These hills used to be famous for their tin, hence the saying:

"Hingston Down well wrought
Is worth London Town, dear bought."

In 835 the Cornish were defeated by the men of Devon on this open ground, and some centuries later Charles I. crossed it on his way to try conclusions with Lord Essex. A little beyond Callington is St. Ive, one of the most lovely churches in the duchy. The east end and north side are fourteenth-century work of great merit, and the remainder is fifteenth century. The beautiful tower has clustered pinnacles, but the chief interest lies in the chancel window with its fine tracery, and the ogee-headed niches in the jambs of the scoinson arch, while some of the glass in the east window is of the same date as the tracery.

The river no longer curves in upon itself so frequently, but the landscape, deeply wooded and with the fine Carthamartha Rocks above the junction of the Inny with the Tamar, is softly beautiful. Greston Bridge crosses the river between Lezant and Lawhitton, and at Trecarrel House in the former, Charles I., with his army sleeping round him in the fields, lay on the night of August 1, 1644. At Lewannick, west of Lezant, a cresset stone has been preserved. This structure resembles a font, but with the top hollowed out into a number of bowls to contain oil and floating wicks. Before the days of matches, a light was kept perpetually burning in the church in order that the parishioners might resort to it, if by any chance their hearth-fires, always carefully sodded up, should be extinguished. Cresset stones are now rare. The one at Calder Abbey has sixteen bowls, but that at Furness resembles the one at Lewannick in having only five.

Polyfant

In this parish, at a little distance from the church town, is the famous stone quarry of Polyfant.
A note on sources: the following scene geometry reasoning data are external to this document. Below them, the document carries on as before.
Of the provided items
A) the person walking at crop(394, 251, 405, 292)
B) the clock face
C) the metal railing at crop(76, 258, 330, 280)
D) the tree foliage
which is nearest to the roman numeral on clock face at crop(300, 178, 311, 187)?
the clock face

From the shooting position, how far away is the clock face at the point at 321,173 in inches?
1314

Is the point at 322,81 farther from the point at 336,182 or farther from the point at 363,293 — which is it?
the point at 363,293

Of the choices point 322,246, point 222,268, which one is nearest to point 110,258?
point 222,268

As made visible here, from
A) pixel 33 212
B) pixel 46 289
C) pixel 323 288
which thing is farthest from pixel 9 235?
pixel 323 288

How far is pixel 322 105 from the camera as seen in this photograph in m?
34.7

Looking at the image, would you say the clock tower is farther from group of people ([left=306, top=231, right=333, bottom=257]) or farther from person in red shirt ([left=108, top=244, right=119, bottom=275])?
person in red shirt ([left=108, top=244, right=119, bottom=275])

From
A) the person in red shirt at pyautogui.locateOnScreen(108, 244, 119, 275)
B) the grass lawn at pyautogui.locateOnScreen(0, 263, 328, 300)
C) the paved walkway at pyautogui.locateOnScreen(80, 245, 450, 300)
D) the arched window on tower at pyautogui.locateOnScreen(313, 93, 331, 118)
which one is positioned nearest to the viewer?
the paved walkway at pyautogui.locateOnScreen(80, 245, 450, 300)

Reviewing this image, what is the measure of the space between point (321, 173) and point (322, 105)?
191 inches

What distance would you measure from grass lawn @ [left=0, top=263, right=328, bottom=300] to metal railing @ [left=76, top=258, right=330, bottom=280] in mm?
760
The greater number of the Norman arches in this part of the county are made from this stone, the quarry having been worked for over a thousand years. There are three old crosses in this neighbourhood, the one at Holloway being of unusual design, while the "four-holed" cross at Trelaske has projections at the neck. Trelaske is a well-wooded and picturesque country-place, and contains the remains of an encampment, while the view from Trelaske Beacon is extensive. A couple of miles above Greston Bridge the river takes a bend almost at right angles to its former course, and runs east and west until it reaches Poulston Bridge, across which Charles I. led his army that never-to-be-forgotten August and marched on Launceston.